───── SUPPLIED RECORDS

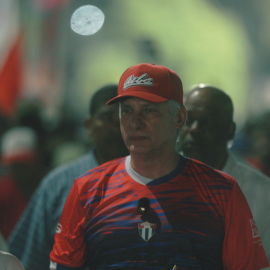 El presidente de Cuba, Miguel Díaz Canel.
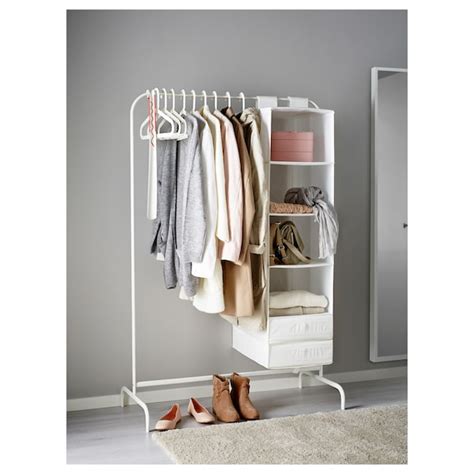 MULIG Burro para ropa, blanco, 99x46 cm IKEA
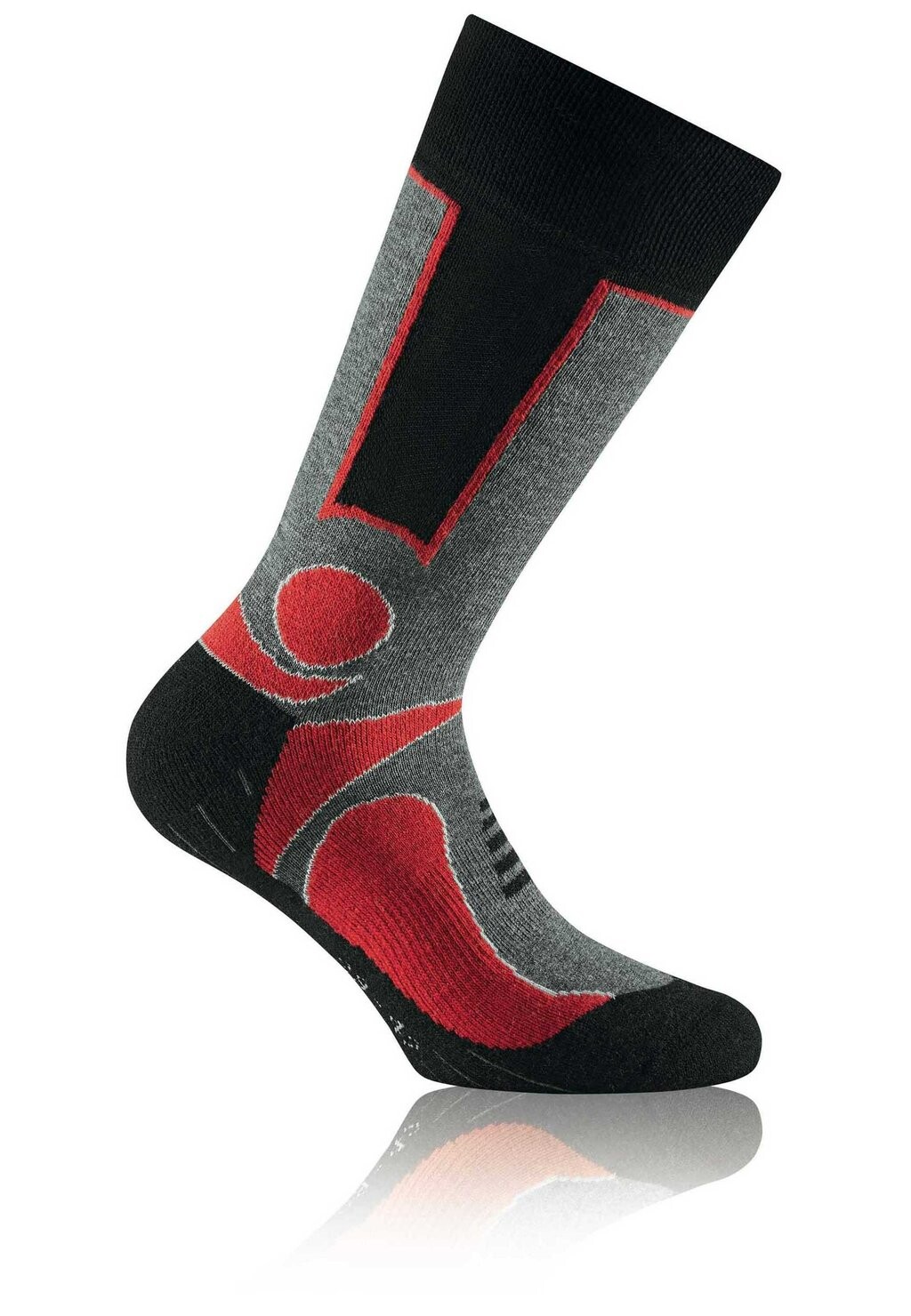 

Носки BASIC 2ER PACK TREKKING OUT Rohner Advanced Socks, красный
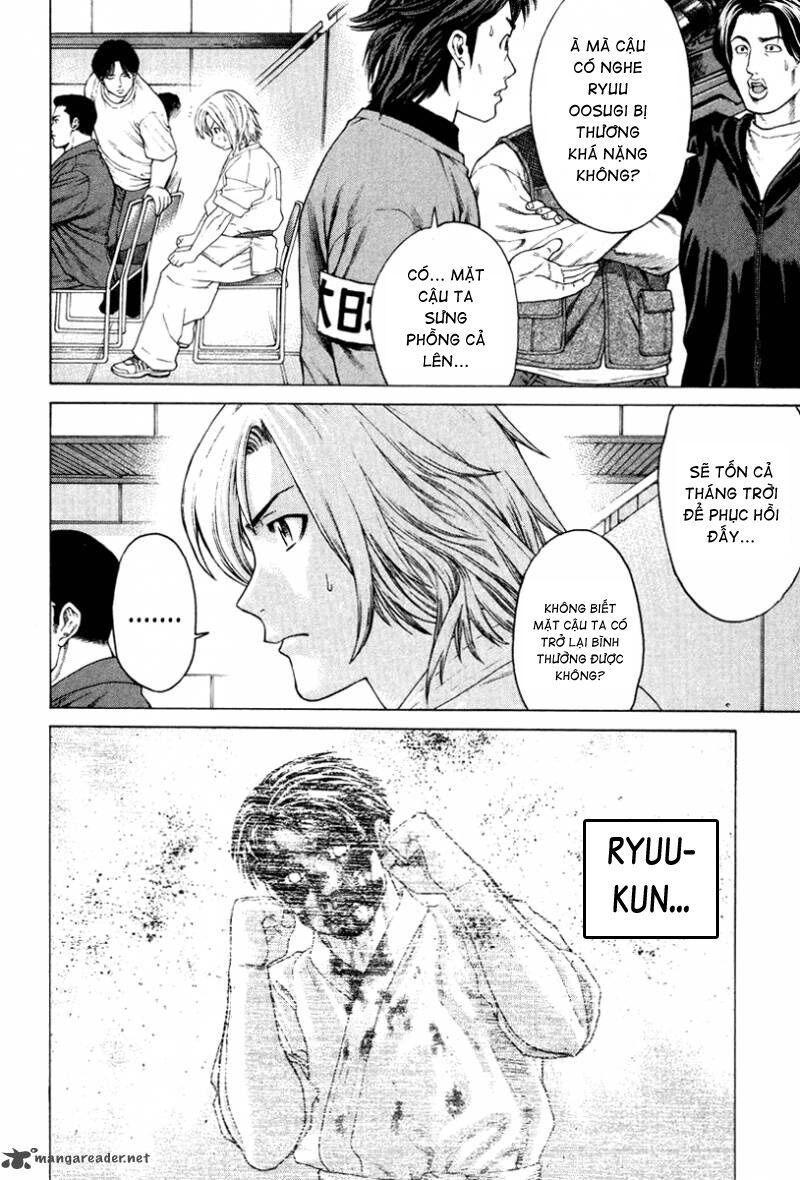 karate shoukoushi kohinata minoru chapter 146 16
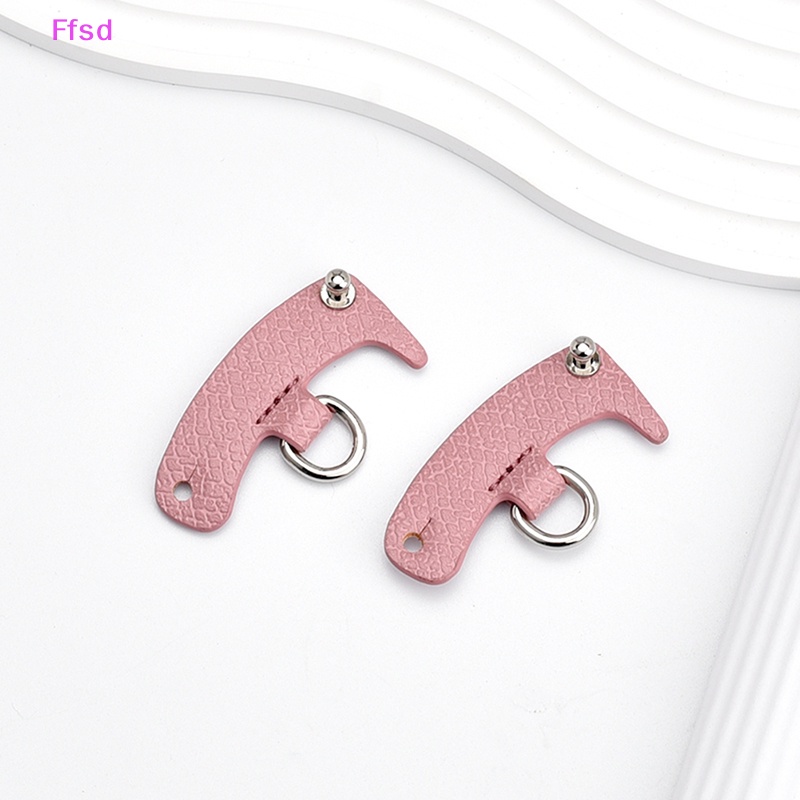 1 Bộ Dây Đeo Túi Xách Mini Bằng Da Không Đục Lỗ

──────────

*WHAT IS NEEDED*:
Only the pictures in the listing above get left out; print everything else exactly.

*TASK SOLUTION*:
 El presidente de Cuba, Miguel Díaz Canel.
 MULIG Burro para ropa, blanco, 99x46 cm IKEA

Носки BASIC 2ER PACK TREKKING OUT Rohner Advanced Socks, красный
 karate shoukoushi kohinata minoru chapter 146 16
 1 Bộ Dây Đeo Túi Xách Mini Bằng Da Không Đục Lỗ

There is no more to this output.